Multiplexing H.264 Video With AAC Audio Bit Streams, Demultiplexing And Achieving Lip Synchronization During Playback

Date

2007-08-23T01:56:51Z

Publisher

Electrical Engineering

Abstract

H.264, MPEG-4 part-10 or AVC [5], is the latest digital video codec standard which has proven to be superior than any early standards in terms of compression ratio, quality, bit rates and error resilience. However, the standard just defines a video codec and has no mention of any audio compression. In order to have a meaningful delivery of the video to the end user, we need to associate an audio stream along with it. AAC (advanced audio coding) [1] is the latest digital audio codec standard defined in MPEG-2 and later in MPEG-4 with few changes. The audio quality of an AAC stream is observed to be better than both MP3 and AC3, which were widely used as the audio coding standard in various applications, at lower bit rates. Adopting H.264 as video codec and AAC as audio codec, for transmission of digital multimedia through air (ATSC, DVB) or through the internet (video streaming, IPTV), facilitates us to take advantage of the leading technologies in both audio and video. However, for these applications, treatment of video and audio as separate streams requires us to multiplex the two in order to create a single bit stream for transmission. The objective of the thesis is to propose a method for effectively multiplexing the streams for transmission and at the receiving end, demultiplexing the streams and achieve lip sync between the audio and video when the two streams are played back.

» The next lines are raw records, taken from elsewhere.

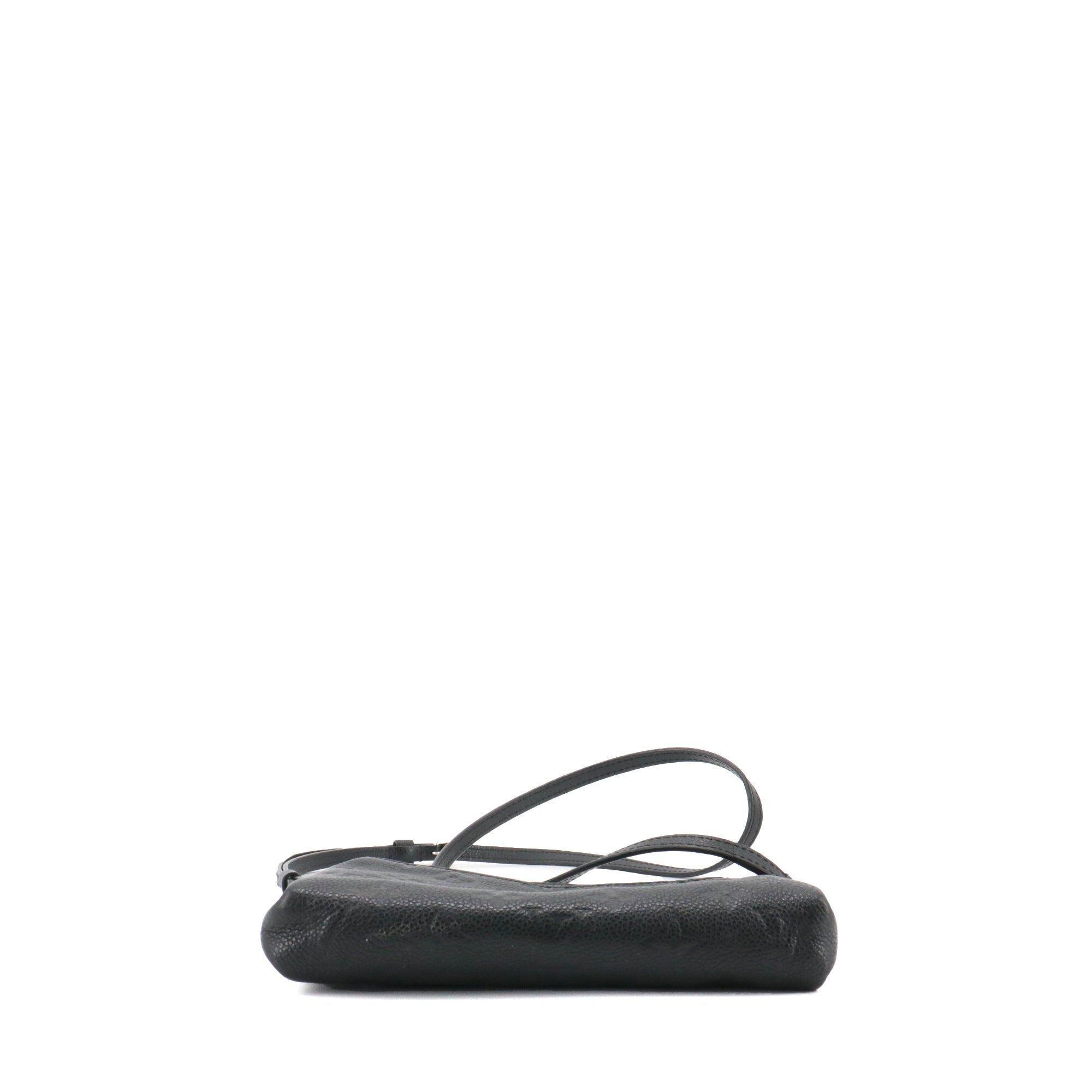 LOUIS VUITTON - Sac à bandoulière Pallas Louis Vuitton en cuir empreinte noir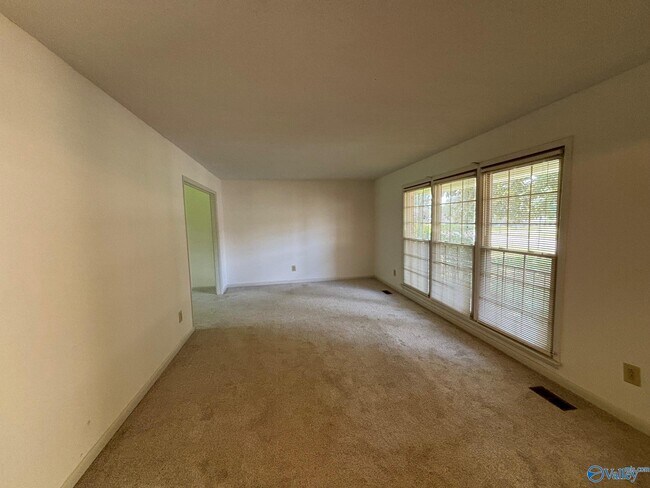 Photo - 1925 Lynnbrook Dr SW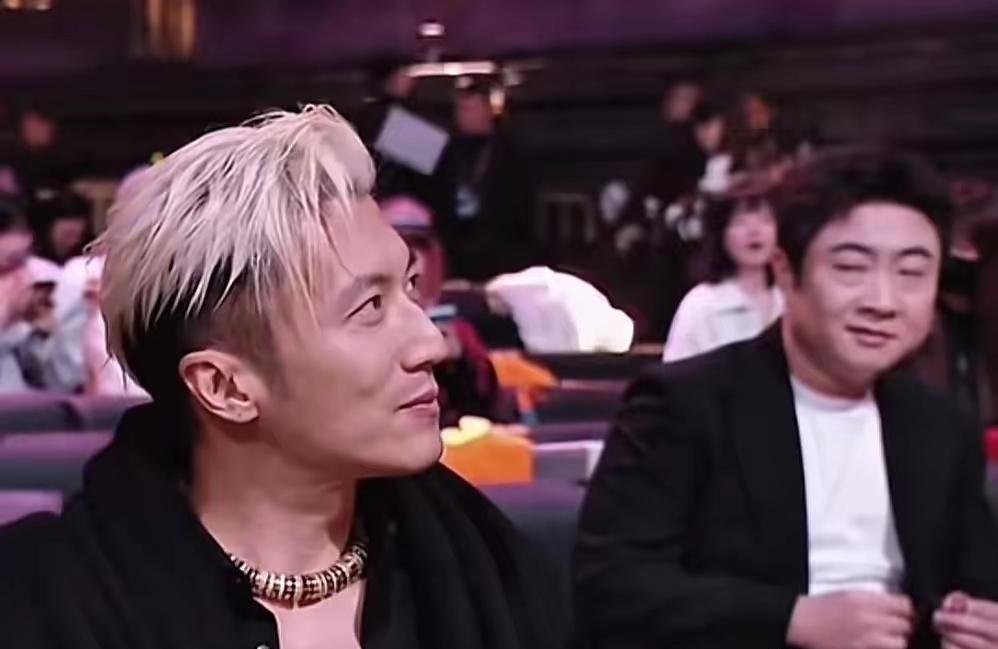 乔杉努力几十年，还不如看谢霆锋的一个眼神，真是让人唏嘘。

要说过去不久的“微博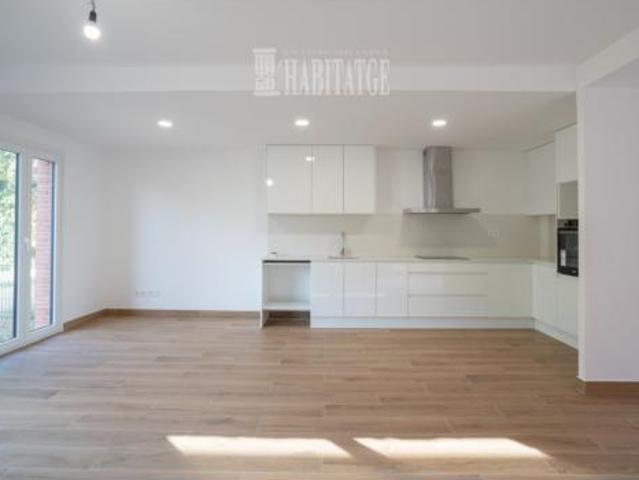 Casa pareada Venta Santa Eugènia de Berga, Santa Eugènia de Berga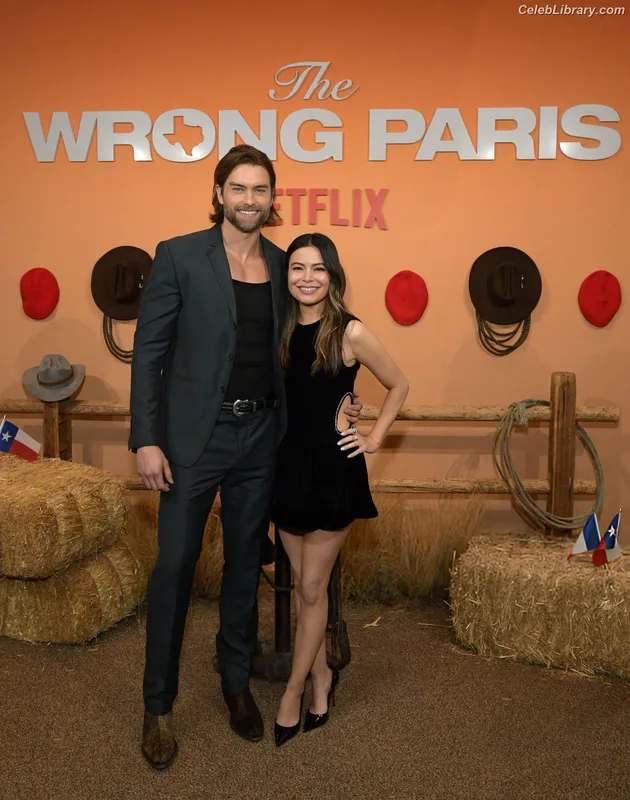 Miranda Cosgrove photo 13 of 264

The proposed method takes advantage of the frame wise arrangement of data in both audio and video codecs. The audio and video frames are used as the first layer of packetization. The frame numbers of the audio and video data blocks are used as the reference for aligning the streams in order to achieve lip sync. The synchronizing information is embedded in the headers of the first layer of packetization. Then second layer of packetization is carried out from the first layer in order to meet the various requirements of transmission channels. Adopted method uses playback time as the criteria for allocating data packets during multiplexing in order to prevent buffer overflow or underflow at the demultiplexer end. More information is embedded into the headers to ensure effective and fast demultiplexing process and to detect and correct errors. Advantages and limitations of the proposed method are discussed in detail.